[Activity]
Copy out the entries exactly, and wherever a picture appears, leave it out.

[Records for this task]
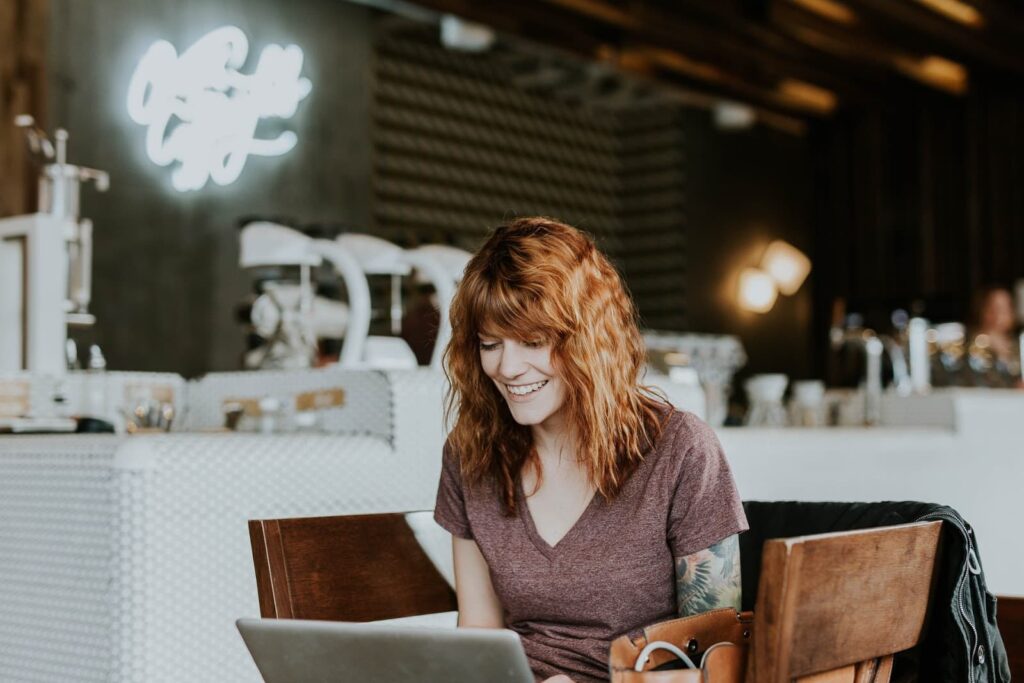 woman with red hair at a cafe with her laptop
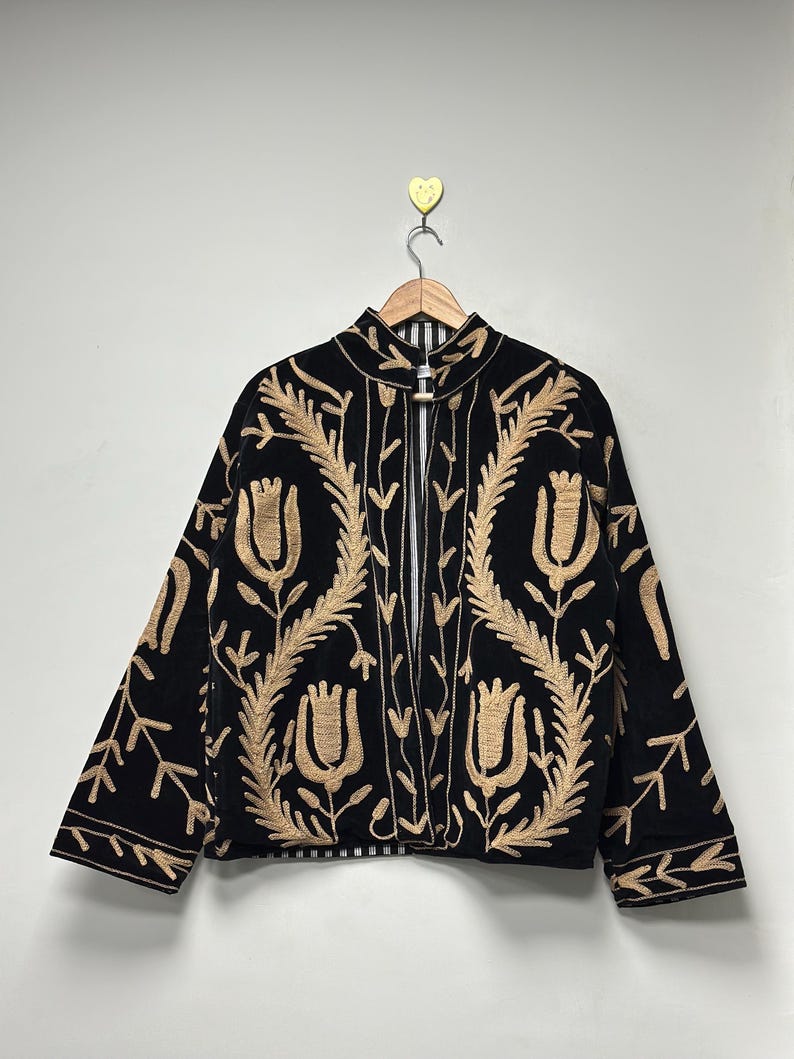 May include: A black jacket featuring long sleeves, a high collar, and an open front design. The garment is decorated with intricate tan-coloured embroidery depicting floral and leaf patterns across the front and sleeves. It hangs on a wooden hanger.
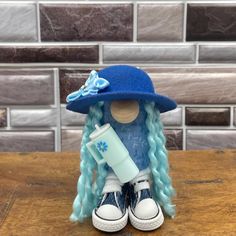 a doll with blue hair wearing a hat and holding a cup on top of a wooden table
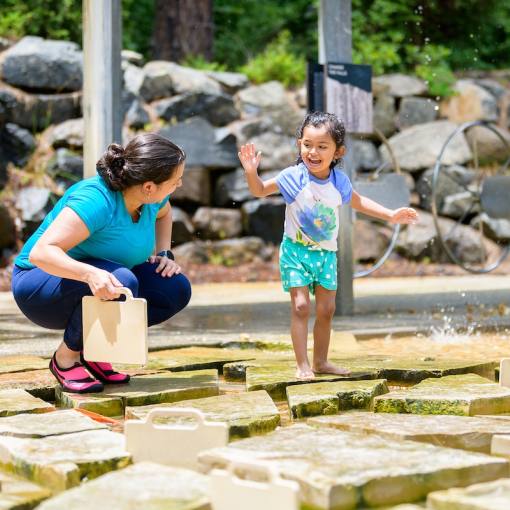A parent and child play at the Earth Moves exhibit at the Museum of Life and Science in Durham, NC.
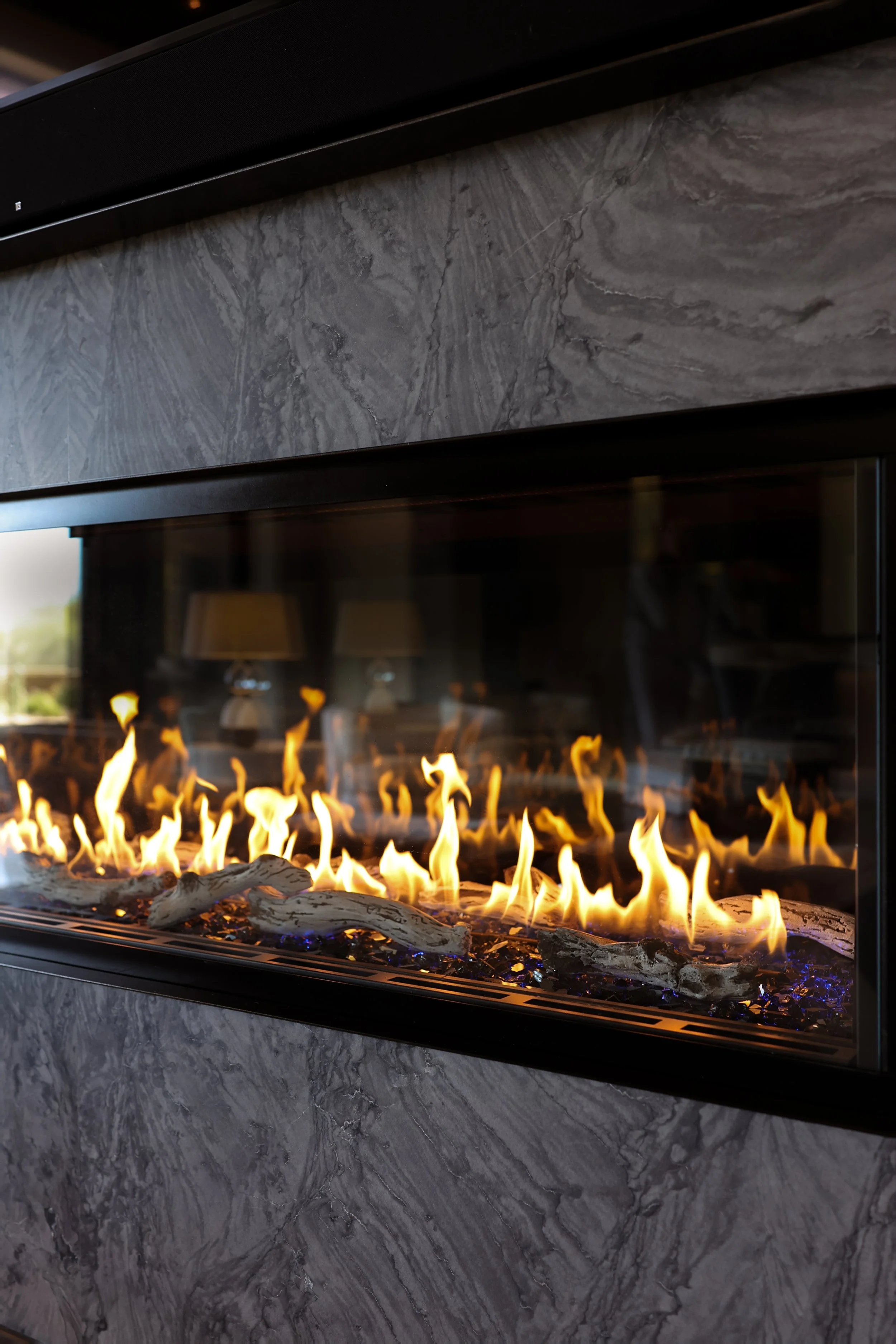 Modern fireplace with visible flames, set against a gray marble wall, with a black frame and glass front.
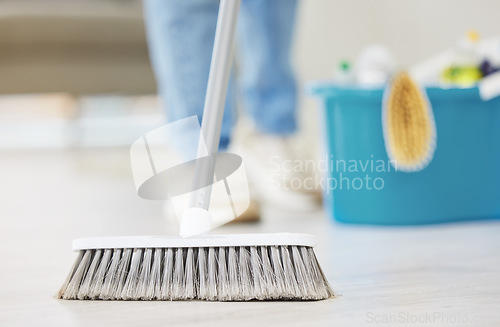 Image of Cleaning, broom and sweeping with a maid in the living room of a home for housework or chores. Floor, sweep and housekeeper with a cleaner in a house to tidy for hygiene during a spring clean closeup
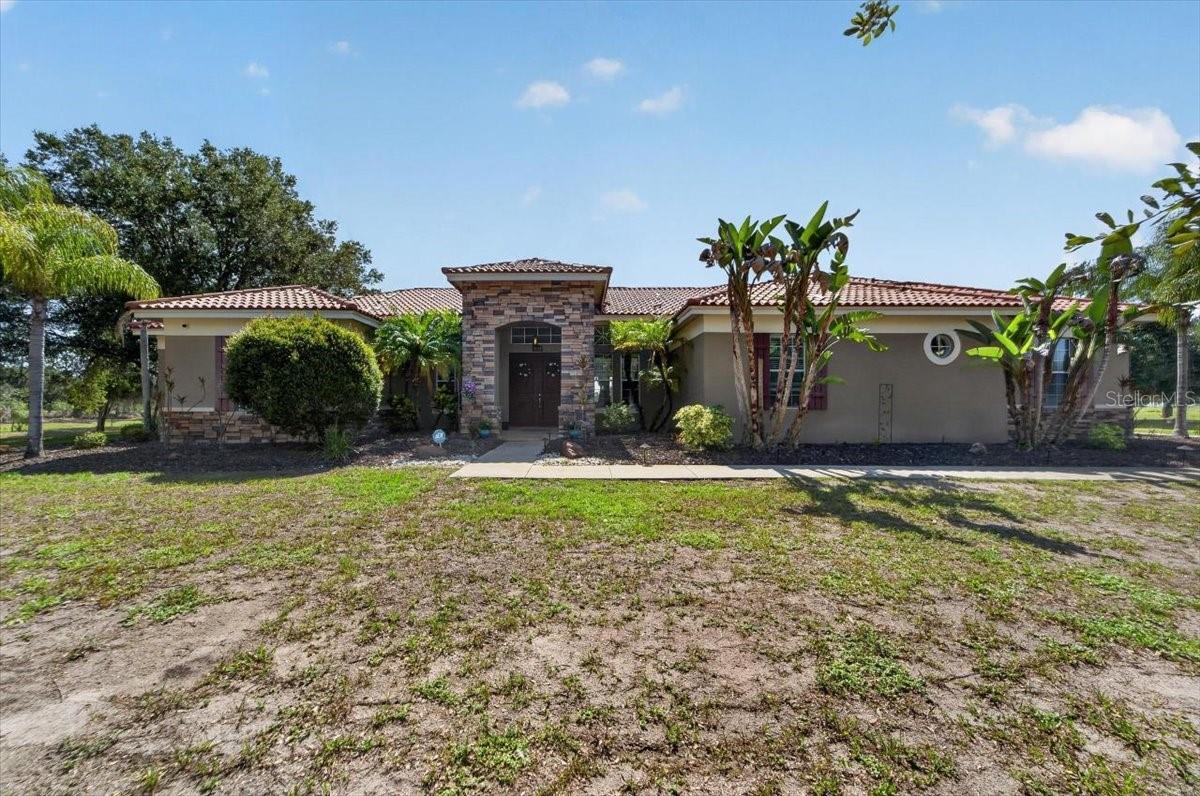 Motivated seller! Experience the perfect blend of space, privacy, and modern updates in this exceptional lakefront home located within a gated community in South Hillsborough County. Situated on a sprawling 1+ acre corner lot with no backyard neighbors, this property offers a peaceful setting with plenty of room to enjoy Florida living.
Featuring over 3,700 square feet, this spacious residence boasts 4 bedrooms, 3.5 bathrooms, a dedicated den/home office, living room, dining room, family room,  breakfast nook, and a 3-car garage. The gourmet kitchen is designed to impress with stainless steel appliances, a large center island, and updated cabinetry, making it ideal for both everyday living and entertaining.
This move-in ready, worry-free home has been meticulously maintained and extensively updated, including a new metal roof being installed in July! (2026), new AC system (2025), septic system serviced (2025), new water softener (2023), new washer and dryer (2024), new refrigerator and dishwasher (2024), updated Wi-Fi irrigation system (2026), new ceiling fans (2025), updated exterior lighting (2025), new Wi-Fi smart garage door opener, and a vinyl dog run fence (2024).
Step outside and enjoy the privacy and endless possibilities this oversized homesite provides. With plenty of room to add a pool, create your own backyard oasis and fully embrace the Florida lifestyle. Enjoy the beautiful conservation easily accessible from the community, walking trails and kayak in the community lake.  Conveniently located near shopping, dining, and major commuter routes, this beautifully updated home offers the rare combination of acreage, privacy, and modern conveniences you've been searching for. Low HOA and No CDD, schedule your private showing today! Check out the photos, 3-D Tour and Video!
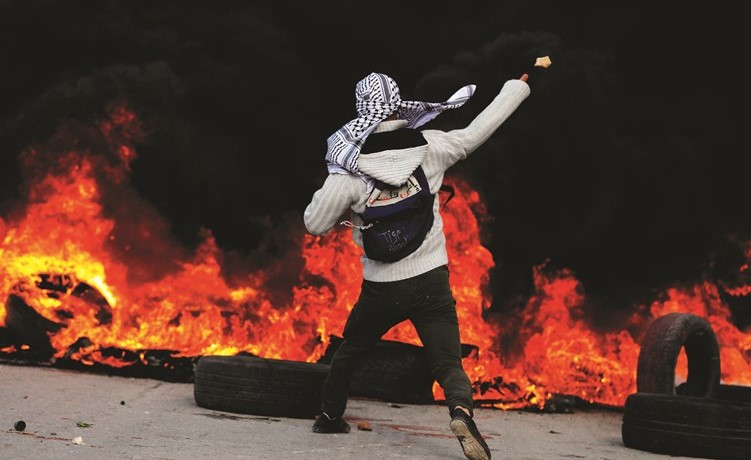 فلسطيني يرمي جنود الاحتلال بالحجارة في رام الله وسط الاطارات المشتعلة(رويترز) ﻿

[Written response]
 woman with red hair at a cafe with her laptop
 May include: A black jacket featuring long sleeves, a high collar, and an open front design. The garment is decorated with intricate tan-coloured embroidery depicting floral and leaf patterns across the front and sleeves. It hangs on a wooden hanger.
 a doll with blue hair wearing a hat and holding a cup on top of a wooden table
A parent and child play at the Earth Moves exhibit at the Museum of Life and Science in Durham, NC.
 Modern fireplace with visible flames, set against a gray marble wall, with a black frame and glass front.
 Image of Cleaning, broom and sweeping with a maid in the living room of a home for housework or chores. Floor, sweep and housekeeper with a cleaner in a house to tidy for hygiene during a spring clean closeup
 Motivated seller! Experience the perfect blend of space, privacy, and modern updates in this exceptional lakefront home located within a gated community in South Hillsborough County. Situated on a sprawling 1+ acre corner lot with no backyard neighbors, this property offers a peaceful setting with plenty of room to enjoy Florida living.
Featuring over 3,700 square feet, this spacious residence boasts 4 bedrooms, 3.5 bathrooms, a dedicated den/home office, living room, dining room, family room,  breakfast nook, and a 3-car garage. The gourmet kitchen is designed to impress with stainless steel appliances, a large center island, and updated cabinetry, making it ideal for both everyday living and entertaining.
This move-in ready, worry-free home has been meticulously maintained and extensively updated, including a new metal roof being installed in July! (2026), new AC system (2025), septic system serviced (2025), new water softener (2023), new washer and dryer (2024), new refrigerator and dishwasher (2024), updated Wi-Fi irrigation system (2026), new ceiling fans (2025), updated exterior lighting (2025), new Wi-Fi smart garage door opener, and a vinyl dog run fence (2024).
Step outside and enjoy the privacy and endless possibilities this oversized homesite provides. With plenty of room to add a pool, create your own backyard oasis and fully embrace the Florida lifestyle. Enjoy the beautiful conservation easily accessible from the community, walking trails and kayak in the community lake.  Conveniently located near shopping, dining, and major commuter routes, this beautifully updated home offers the rare combination of acreage, privacy, and modern conveniences you've been searching for. Low HOA and No CDD, schedule your private showing today! Check out the photos, 3-D Tour and Video!
 فلسطيني يرمي جنود الاحتلال بالحجارة في رام الله وسط الاطارات المشتعلة(رويترز) ﻿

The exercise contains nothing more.